I2. (Meta)data use vocabularies that follow FAIR principles

I3. (Meta)data include qualified references to other (meta)data

Reusable

Domain-relevant community standards make data easier to understand and reuse.

R1.3. (Meta)data meet domain-relevant community standards

Primary audience(s): Bachelor's, master's, PhD degree students(without a knowledge management background)

Learning outcomes:

  • Can explain aspects related to data interoperability and integration (standardisation in data and how data standards are used)

  • Can explain aspects of data preparation and cleaning

  • Can explain the roles of ontologies and vocabularies

  • Can recognise the use of ontologies and vocabularies

  • Can recognise the role of data standards in making data FAIR.
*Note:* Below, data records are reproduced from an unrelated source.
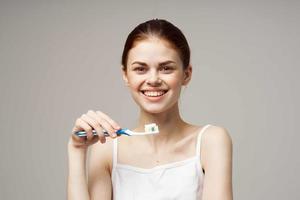 kvinna i vit t-shirt rengör tänder hygien livsstil foto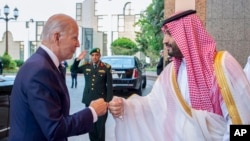 Putra Mahkota Arab Saudi Mohammed bin Salman (kanan) menyambut Presiden AS Joe Biden ketika ia tiba di Istana Al-Salam di Jeddah, Arab Saudi, pada 15 Juli 2022. (Foto: Bandar Aljaloud/Saudi Royal Palace via AP, File)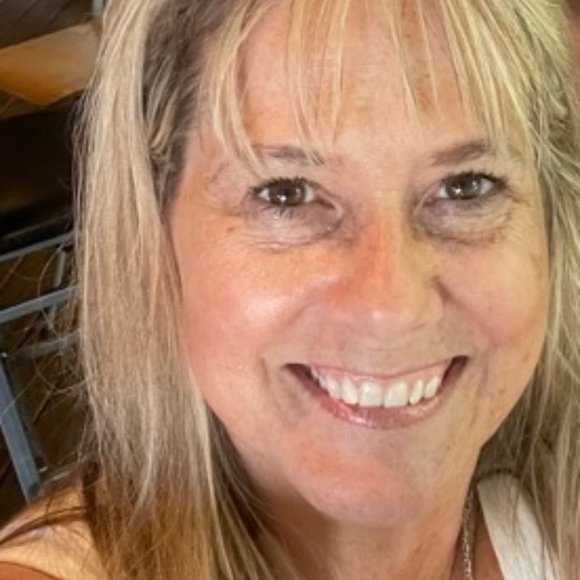 Meet your Posher, Melinda - Picture 2 of 5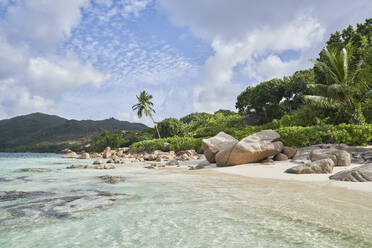 Seychellen, Praslin, Felsbrocken am tropischen Strand - RORF02940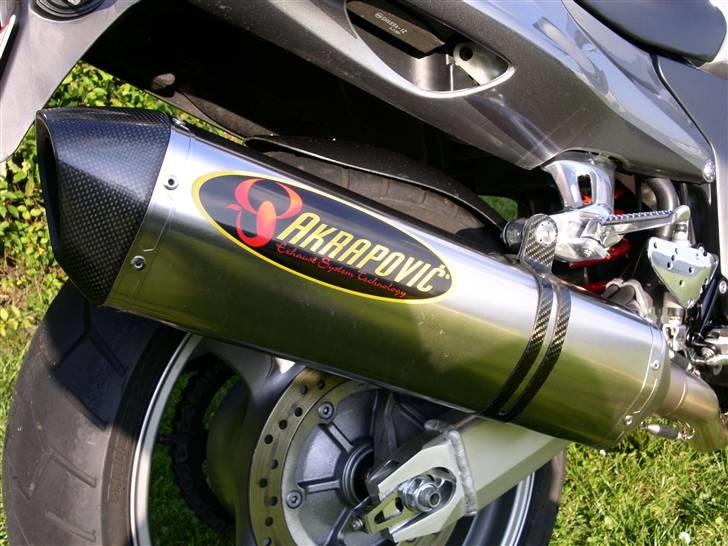 Honda CBR 1100   ( Solgt ) - Hexagonal Akrapovic billede 10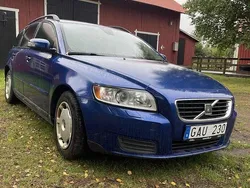 Blå Begagnad 2008 Volvo V50 Kinetic Kombi | 17 500 kr (Bra pris)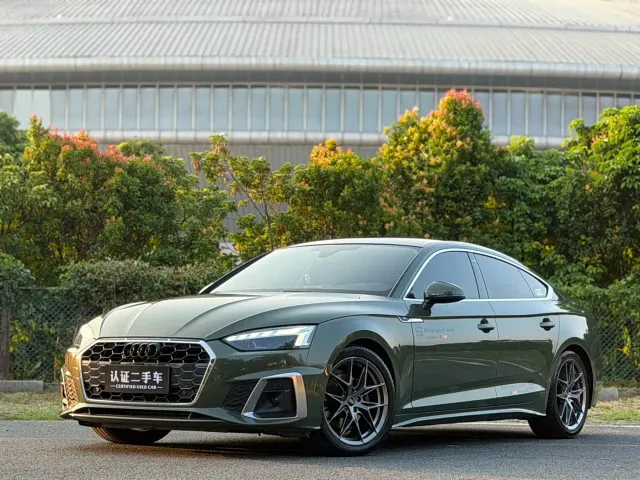 Фотография автомобиля — Audi A5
  • Understands that different communities use different data standards and ontologies to improve the understanding and interoperability of their research data

  • Can identify a few domain-relevant ontologies

  • Understands usage scenarios of ontologies during data collection, data analysis and when making data available through repositories, APIs, etc.

  • Knows how to act when an ontology does not exist or elements are missing in an existing ontology

Summary of tasks/actions:

  1. Explain with easy and practical examples (from your discipline) how standardisation of data can be applied in research. Standardisation enables interoperability of data, common understanding of data and facilitates (interdisciplinary) reuse of data. Some simple examples are:

    1. Standard coding structures (e.g. use 1=male, 2=female systematically, and not sometimes 1=female, 2=male, or 0=male, 1=female)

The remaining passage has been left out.